(Raw data begins)
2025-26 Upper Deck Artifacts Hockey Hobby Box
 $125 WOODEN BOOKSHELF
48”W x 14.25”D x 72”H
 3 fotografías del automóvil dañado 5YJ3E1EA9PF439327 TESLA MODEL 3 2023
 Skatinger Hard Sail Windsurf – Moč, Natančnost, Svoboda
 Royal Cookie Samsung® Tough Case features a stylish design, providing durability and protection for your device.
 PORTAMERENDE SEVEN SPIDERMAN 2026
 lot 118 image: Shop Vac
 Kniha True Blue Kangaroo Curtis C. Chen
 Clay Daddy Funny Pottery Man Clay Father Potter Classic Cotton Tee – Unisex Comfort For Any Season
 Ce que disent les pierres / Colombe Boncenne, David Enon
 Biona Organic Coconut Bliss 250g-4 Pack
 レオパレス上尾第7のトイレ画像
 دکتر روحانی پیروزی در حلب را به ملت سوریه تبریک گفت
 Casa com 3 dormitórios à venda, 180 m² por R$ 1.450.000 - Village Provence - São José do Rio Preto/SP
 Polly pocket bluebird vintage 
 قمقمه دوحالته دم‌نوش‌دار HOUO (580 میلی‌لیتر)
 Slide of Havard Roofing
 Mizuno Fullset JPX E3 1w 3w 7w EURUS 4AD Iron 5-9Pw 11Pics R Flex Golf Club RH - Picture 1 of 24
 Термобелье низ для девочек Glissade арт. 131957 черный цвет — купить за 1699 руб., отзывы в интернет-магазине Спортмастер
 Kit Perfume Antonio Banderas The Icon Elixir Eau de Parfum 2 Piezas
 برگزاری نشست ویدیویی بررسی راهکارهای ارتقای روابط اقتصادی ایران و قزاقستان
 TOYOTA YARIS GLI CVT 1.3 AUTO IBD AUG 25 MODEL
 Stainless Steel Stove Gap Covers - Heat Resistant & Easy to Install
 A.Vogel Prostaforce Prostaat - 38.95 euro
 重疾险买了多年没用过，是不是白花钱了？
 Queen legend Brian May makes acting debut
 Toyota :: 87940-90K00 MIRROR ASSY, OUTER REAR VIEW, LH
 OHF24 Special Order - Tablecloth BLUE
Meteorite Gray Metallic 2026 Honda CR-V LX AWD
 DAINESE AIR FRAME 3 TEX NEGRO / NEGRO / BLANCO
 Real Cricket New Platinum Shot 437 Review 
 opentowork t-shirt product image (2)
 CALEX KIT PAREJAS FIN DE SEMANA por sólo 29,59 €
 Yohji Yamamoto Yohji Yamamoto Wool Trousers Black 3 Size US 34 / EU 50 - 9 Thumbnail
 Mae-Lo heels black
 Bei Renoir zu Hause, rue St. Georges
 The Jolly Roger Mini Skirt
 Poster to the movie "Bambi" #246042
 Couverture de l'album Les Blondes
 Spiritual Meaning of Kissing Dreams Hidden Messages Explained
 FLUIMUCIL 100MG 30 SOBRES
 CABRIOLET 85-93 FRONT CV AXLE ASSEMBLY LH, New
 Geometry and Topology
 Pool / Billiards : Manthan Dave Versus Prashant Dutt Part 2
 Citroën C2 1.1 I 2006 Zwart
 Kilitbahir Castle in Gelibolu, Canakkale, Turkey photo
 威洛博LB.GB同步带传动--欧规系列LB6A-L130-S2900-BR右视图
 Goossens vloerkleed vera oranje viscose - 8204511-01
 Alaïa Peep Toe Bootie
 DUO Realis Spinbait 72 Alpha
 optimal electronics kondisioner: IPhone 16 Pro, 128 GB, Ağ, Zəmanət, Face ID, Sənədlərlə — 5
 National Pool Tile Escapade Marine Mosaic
(Raw data ends)
Aim of the exercise:
Output nothing but the lines from the one that contains "DUO Realis Spinbait 72 Alpha" through the final line of the entries above, exactly as they appear.

Reply:
 DUO Realis Spinbait 72 Alpha
 optimal electronics kondisioner: IPhone 16 Pro, 128 GB, Ağ, Zəmanət, Face ID, Sənədlərlə — 5
 National Pool Tile Escapade Marine Mosaic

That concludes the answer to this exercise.